During her two terms in office as prime minister, Ms. Bhutto earned a reputation among many as an imperious, venal, and corrupt politician, bringing Pakistan to the brink of financial ruin on more than one occasion. Her assassination now brings this teeming, nuclear-armed nation to the brink of complete state failure, with inevitable accusations that President Pervez Musharraf's intelligence and security services – charged with protecting her welfare as she campaigned for a third stint as prime minister – were somehow complicit in her death. Civil war, or worse, an Islamist army coup in the ensuing political chaos that may engulf Pakistan in the coming days and weeks before the elections scheduled for Jan. 8, 2008, are now the two most likely scenarios if Mr. Musharraf does not re-impose martial law.

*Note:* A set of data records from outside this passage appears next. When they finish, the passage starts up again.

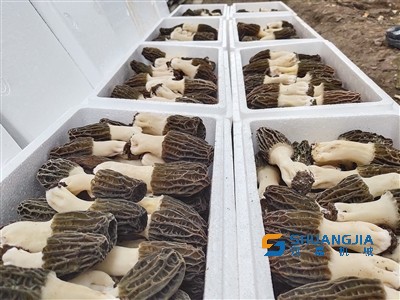 1652923686554357.jpg 17-00-31-64-283825.jpg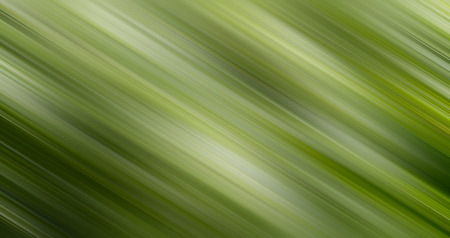 Light Abstract Motion Background.の写真素材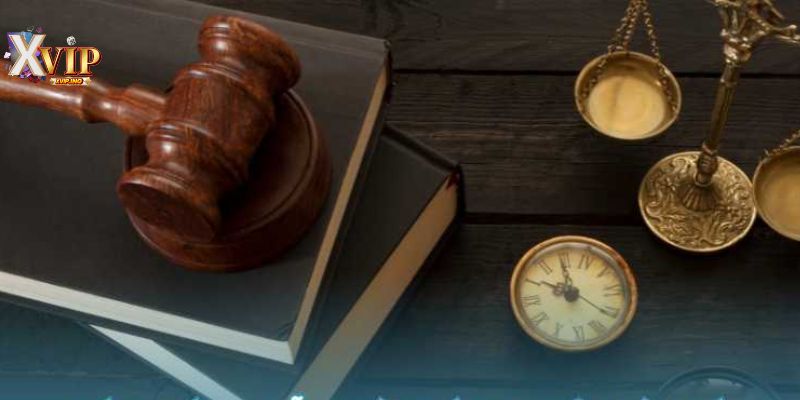 Lưu ý quan trọng giúp bạn nắm rõ mọi quy định về chính sách.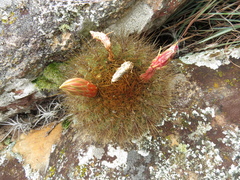 Matucana aurantiaca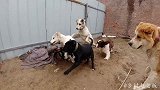 犬舍发生了啥事？斯塔福竟被十几只猛犬围攻，场面一度失控！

I knew Benazir well. I am often blamed by her supporters for having helped bring her government down in 1996 by exposing her hypocrisy and corruption in two Wall Street Journal Op-Ed pieces. We remained in touch over the years after she went into exile, even developing a begrudging respect for each other over time. She struck me as a terribly conflicted person who deep in her heart wanted to save Pakistan from its evils, but was unable to put her personal lifestyle choices aside in doing so. But I firmly believe that she loved Pakistan, and for all her faults, had returned there this time to turn a new page in its troubled political history. We should remember her for her courage to stand up in the face of incalculable odds to bring some semblance of sanity to the disaster that Pakistan has become.
Musharraf, with whom she tried futilely over the past three months to cobble together a power-sharing arrangement, must immediately call for an independent international investigation into her assassination, led by a blue ribbon panel of FBI and MI5 officials, that determines the extent – or lack – of complicity from Pakistan's police and intelligence services in her death. This is the most critical decision he can make as a gesture of national reconciliation with bereaved Pakistan Peoples Party workers to avoid the appearance of conflict to his ongoing service as president, and to prevent Pakistan's descent into civil war or an internally led Islamist army coup.
Her death will not have been in vain if Musharraf galvanizes the forces of democracy that bubble just under the surface of Pakistan's political fabric to have a truly transparent election of all of Pakistan's political leaders. In order to level the playing field, the Election Commission should delay the election until early February so each party can have time to regroup.
The Pakistan People's Party should select a new candidate to contest the elections – they have a good candidate in human rights activist and lawyer Aitzaz Ahsan – and get him on the campaign trail as soon as the mourning period for Benazir is over. The Election Commission should allow Nawaz Sharif, as bad a choice for Pakistan as he would be, to contest the election so the grass roots of democratic activism in this nation of 165 million people can take hold once again. Rebuilding political institutions was one of Benazir's key platforms as a candidate. The country should honor her death by making that happen.
Benazir Bhutto was a brave woman. She was the face of modernity that Pakistan needed to salvage its descent into a sea of Islamist darkness. She should be remembered as a guardian of Pakistan's identity as a modern Islamic nation. Her death need not be the beginning of Pakistan's end.
• Mansoor Ijaz, a New York financier of Pakistani ancestry, jointly authored a cease-fire plan between Muslim militants and Indian security forces in Kashmir in 2000 and met with Benazir Bhutto on more than a dozen occasions in Islamabad, Dubai, and London since 1994.